Subnetwork B takes the azimuth and elevation of the sound source as its input; these parameters are also normalized using the sigmoid function. The normalization layer is followed by a flattening layer. In the proposed network, the azimuth and elevation are mainly used as markers, so subnetwork B does not perform substantial processing.

The outputs of subnetwork A and subnetwork B are combined to form the input to subnetwork C. This subnetwork consists of hidden “dense” feedforward layers and uses the sigmoid function as the activation function.

The proposed network constructs left and right HRTF, respectively.

3.2 Supervised Learning

Because well-initialized weights can enable a low initial cost and fast convergence, during training, we used the Xavier initialization technique to initialize the weights of all layers, and all biases were initialized to zero [19]. Meanwhile, the mean square error (MSE) between the original target and the estimated target was selected as the cost function for the network [20]. We utilized adaptive moment estimation (“Adam”) optimization for the backpropagation algorithm and set the moment decay rate to 0.9, with a learning rate of 0.01 [21]. Finally, we trained the model for 62 epochs, with 398 samples in each epoch. To prevent overfitting, the dropout technique was applied with a probability of 0.7 [22].

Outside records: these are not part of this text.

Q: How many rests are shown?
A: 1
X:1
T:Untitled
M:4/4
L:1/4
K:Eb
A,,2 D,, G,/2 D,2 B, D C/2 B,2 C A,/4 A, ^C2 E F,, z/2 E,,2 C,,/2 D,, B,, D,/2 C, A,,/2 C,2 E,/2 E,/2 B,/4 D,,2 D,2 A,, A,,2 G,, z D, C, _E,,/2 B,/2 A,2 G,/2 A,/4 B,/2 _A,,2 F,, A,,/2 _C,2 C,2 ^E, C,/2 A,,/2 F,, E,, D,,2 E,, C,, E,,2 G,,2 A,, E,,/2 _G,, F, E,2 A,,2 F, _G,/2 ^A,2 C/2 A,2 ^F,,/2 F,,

4 Performance and Evaluation

In this paper, the performance of the proposed personalized HRTF method is evaluated on the basis of objective and subjective experiments. For the objective experiment, the root mean square error (RMSE) between the reference and estimated HRTFs was measured. Moreover, the performance of the proposed method was compared with that of other HRTF personalization methods: (1) the DNN-based method [15] and (2) a database matching method [6]. The CNN-DNN method [14] requires the ear anthropometric parameters to be presented as images; however, the Chinese pilots database does not provide ear images, making this method unsuitable for application to this database, whereas the DNN and database matching methods are both suitable for this purpose. For the DNN method, the two-dimensional anthropometric parameters in the Chinese pilots database were selected, and the model presented in [15] was selected for training.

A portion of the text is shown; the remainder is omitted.